Dès le 3 décembre débarque sur les écrans la série Cellule de crise, une plongée dans l’univers d’une organisation humanitaire. Aide et revers. Pile et face. Isabelle Caillat donne la réplique à André Dussollier que nous avons rencontré au moment du tournage de la série à Genève. Interview.
Son visage est aussi familier que celui du tonton Jules. Celui qu’on admire parce qu’il a du talent et le verbe étincelant. Celui qu’on aime bien parce qu’il a l’oeil malicieux et le sourire bienveillant. Si une madeleine de Proust pouvait parler, elle aurait la voix d’André Dussollier. Entre l’aventure de Becker et le neurasthénique de Jeunet – il y a des mots comme ça qui résonnent et marquent plus que d’autres – il sait raconter des histoires. Nous étions donc absolument ravies de l’accueillir dans la JJSphere à l’occasion du tournage de la série Cellule de Crise, une nouvelle histoire passionnante que nous nous réjouissons de découvrir.

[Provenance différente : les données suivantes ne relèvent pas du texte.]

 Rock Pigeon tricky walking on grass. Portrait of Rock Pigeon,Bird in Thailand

Pendant un moment privilégié avec une vue à 360° sur Genève, André Dussollier nous parle de la vie, des ses amours, de ses envies. Du tournage de la série Cellule de crise, sous la direction de Jacob Berger, dont il campe l’un des personnages principaux aux côtés d’Isabelle Caillat. Et puis de son attachement à Genève, à sa région frontalière où il a passé son enfance.
Monsieur André Dussollier a fait un petit tour dans le monde des JJ, le temps d’une interview. Play.

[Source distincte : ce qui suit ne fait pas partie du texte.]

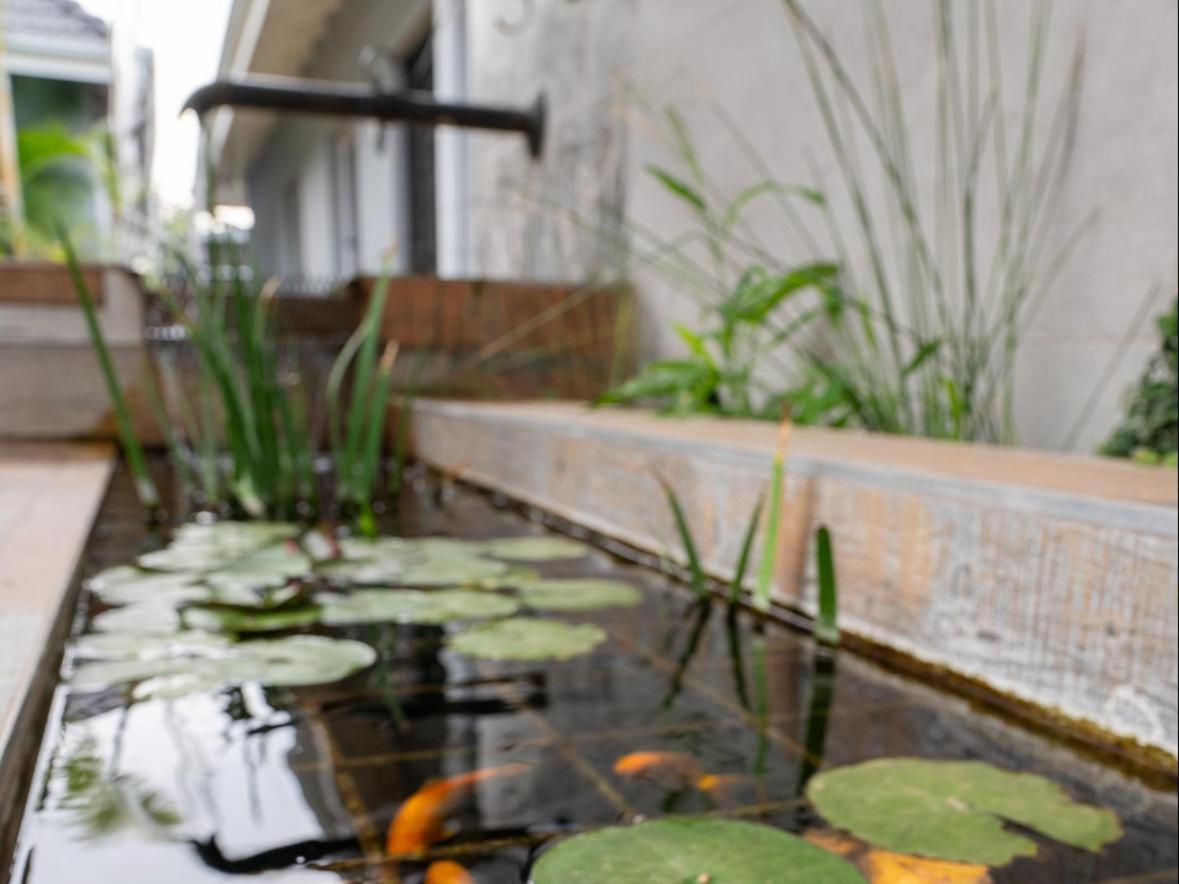 Familia Guesthouse & Boutique Hotel Groblersdal Bagian luar foto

L’interview d’André Dussollier made in JJTV
Cellule de crise dans l’univers des ONG
Jacob Berger réalise la série télévisée Cellule de crise, qui sera diffusée sur la RTS (Radio Télévision Suisse) dès le 3 décembre 2020. André Dussollier donne la réplique à Isabelle Caillat qui incarne la directrice d’une ONG qui va devoir faire face aux difficultés politiques et morales d’une telle position.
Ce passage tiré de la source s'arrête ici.